I surveyed my surroundings from my new place in the tank. Blackness was everywhere and broken only by a tracer round streaking through the night or from an occasional grenade flash nearby. “More ammo!” I yelled, my voice scratchy. I was practicing my killing skills. Early in my military career I’d gotten used to the fact that I would spend a ridiculous amount of time practicing killing on various ranges. There were dozens of weapons to qualify

for. This particular range was designed to allow gunners time on the turret of a Humvee, time to become familiar with the feel of weapons firing in their hands. It’s a powerful feeling to have a weapon at your command. It’s liberating and suffocating.

I loaded my weapon with a belt of ammo and closed the feed tray. The butt stock was smooth under my gloved hand. I felt for the best grip and hand placement around the gun. The range was surprisingly quiet. Gunners ceased fire. I placed my weapon onto the trigger and identified my target. I imagined the tanks in the distance to be the enemy; people who wanted me dead. I never felt rage like some soldiers did when they thought about the enemy. I didn’t feel much of anything about the enemy really. Was this a sign of cold- heartedness, or, a coping mechanism? I’m not sure it mattered either way.

The cadre jumped on top of the hood and inspected the weapon to make sure I’d loaded it correctly. I waited for the magic words, my finger on the trigger. “Enemy tank in the open, 400 meters, 12 o’clock. Identified. Engaged.” Pulling back in one smooth motion against the trigger weld, bullets exploded from the barrel into the night. The only indicator that I had actually hit my target was the cascade of brilliant sparks that illuminated the berms on the lane. Five to seven round bursts were the standard for the M249 SAW and to count this number in my head I chanted the words, “Die, motherfucker, die. Die, motherfucker, die.”
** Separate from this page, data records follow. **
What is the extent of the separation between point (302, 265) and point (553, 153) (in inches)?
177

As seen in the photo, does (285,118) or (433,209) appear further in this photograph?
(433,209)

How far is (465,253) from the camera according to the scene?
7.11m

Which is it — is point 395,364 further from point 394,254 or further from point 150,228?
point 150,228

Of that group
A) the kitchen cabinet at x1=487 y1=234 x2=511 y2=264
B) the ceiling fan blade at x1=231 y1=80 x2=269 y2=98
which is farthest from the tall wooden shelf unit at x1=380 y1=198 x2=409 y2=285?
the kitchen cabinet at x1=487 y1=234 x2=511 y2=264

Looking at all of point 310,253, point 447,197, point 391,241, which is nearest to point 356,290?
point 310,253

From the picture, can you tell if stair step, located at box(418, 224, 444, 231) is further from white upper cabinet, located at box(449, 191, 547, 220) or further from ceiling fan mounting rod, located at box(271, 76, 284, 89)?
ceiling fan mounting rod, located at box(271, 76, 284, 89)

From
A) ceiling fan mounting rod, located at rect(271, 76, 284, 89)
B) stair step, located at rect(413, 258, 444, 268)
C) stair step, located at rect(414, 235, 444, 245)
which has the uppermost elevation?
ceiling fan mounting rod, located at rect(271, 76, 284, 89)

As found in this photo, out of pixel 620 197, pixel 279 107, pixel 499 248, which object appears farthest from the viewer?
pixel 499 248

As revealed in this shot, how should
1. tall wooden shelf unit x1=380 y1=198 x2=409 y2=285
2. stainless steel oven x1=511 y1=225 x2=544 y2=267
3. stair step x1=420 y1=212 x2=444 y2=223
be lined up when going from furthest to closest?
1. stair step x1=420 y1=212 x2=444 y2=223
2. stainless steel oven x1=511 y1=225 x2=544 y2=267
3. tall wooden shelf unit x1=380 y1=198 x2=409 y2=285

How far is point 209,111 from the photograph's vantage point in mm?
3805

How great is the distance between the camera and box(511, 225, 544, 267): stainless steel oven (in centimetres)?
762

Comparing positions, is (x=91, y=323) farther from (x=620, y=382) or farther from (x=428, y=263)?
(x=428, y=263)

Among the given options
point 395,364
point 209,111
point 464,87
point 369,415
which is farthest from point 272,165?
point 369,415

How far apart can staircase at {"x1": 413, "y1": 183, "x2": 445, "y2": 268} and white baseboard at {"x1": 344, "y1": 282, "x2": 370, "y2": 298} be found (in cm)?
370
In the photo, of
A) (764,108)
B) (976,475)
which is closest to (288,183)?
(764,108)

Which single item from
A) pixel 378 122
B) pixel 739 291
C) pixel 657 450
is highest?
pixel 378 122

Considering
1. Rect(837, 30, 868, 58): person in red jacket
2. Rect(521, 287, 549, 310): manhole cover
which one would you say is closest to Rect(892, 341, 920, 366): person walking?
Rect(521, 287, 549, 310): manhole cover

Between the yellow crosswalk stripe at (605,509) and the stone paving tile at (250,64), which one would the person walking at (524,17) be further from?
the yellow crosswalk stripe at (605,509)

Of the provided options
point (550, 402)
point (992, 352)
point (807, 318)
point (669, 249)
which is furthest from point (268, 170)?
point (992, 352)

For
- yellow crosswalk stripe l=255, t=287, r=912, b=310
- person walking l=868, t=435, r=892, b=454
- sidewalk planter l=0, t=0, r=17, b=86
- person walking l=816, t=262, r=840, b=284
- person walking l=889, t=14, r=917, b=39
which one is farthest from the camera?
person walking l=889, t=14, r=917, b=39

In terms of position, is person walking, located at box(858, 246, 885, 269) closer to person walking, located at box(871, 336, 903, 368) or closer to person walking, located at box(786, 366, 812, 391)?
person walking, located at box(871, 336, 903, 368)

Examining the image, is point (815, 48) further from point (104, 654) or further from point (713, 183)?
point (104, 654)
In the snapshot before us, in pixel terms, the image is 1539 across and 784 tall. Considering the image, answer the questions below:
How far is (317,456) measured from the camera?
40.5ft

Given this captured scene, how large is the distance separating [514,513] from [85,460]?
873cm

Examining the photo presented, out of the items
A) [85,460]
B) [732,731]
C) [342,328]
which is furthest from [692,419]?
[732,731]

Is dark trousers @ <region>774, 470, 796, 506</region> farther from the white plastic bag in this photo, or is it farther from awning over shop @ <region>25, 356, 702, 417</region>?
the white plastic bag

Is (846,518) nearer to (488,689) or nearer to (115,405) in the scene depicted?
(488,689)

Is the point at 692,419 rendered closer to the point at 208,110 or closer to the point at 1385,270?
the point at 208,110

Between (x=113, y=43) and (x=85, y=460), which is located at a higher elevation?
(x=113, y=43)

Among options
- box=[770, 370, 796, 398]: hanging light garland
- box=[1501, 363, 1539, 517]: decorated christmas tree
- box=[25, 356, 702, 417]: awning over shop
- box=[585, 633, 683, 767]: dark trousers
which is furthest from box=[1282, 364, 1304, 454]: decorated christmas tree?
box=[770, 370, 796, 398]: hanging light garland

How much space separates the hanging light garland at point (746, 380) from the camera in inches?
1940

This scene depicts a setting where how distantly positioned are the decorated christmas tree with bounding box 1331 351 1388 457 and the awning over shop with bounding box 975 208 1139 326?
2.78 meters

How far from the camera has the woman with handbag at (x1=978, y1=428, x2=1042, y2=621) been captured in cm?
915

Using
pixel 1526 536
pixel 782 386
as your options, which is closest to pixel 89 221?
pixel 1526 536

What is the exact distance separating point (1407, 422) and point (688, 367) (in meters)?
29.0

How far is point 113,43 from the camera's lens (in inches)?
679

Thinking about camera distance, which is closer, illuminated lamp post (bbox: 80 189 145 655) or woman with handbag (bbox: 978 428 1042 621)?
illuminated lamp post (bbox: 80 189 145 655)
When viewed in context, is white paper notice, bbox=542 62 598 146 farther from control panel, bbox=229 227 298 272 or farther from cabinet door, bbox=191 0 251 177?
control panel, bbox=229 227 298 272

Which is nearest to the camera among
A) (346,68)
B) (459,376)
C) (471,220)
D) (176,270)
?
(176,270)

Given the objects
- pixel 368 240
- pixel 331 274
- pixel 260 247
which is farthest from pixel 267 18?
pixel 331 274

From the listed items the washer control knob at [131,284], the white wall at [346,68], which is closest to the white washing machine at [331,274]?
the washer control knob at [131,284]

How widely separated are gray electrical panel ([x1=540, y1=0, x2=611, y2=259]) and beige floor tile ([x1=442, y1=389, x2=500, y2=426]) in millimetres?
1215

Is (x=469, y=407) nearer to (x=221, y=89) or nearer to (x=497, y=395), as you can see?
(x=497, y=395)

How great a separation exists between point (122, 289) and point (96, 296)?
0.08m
Finally, I ran out of ammo. The barrel of the weapon glowed a faint orange, and raindrops made slight sizzling noises as they fell onto the hot metal. The cadre barked for me to clear the weapon of bullets, but it was already done. I exited the turret and the next soldier made his way up to repeat the same drill. I sat in the seat he’d just vacated in my body armor and listened to the music of the battlefield. A grenade’s flash lit up the dark sky like lightening. It was just enough light to see the silhouette of an abandoned tank off in the distance. Raindrops beat against my armor and made small clinking noises against the metal. I thought about the first time I shot a weapon in Basic Training. My M16 was old and beat up, but got the job done. At first, I was afraid of the rifle’s weight and of what the weapon could do. But it wasn’t long until I realized that a weapon is servant to its handler. A weapon will only do what it is told to do.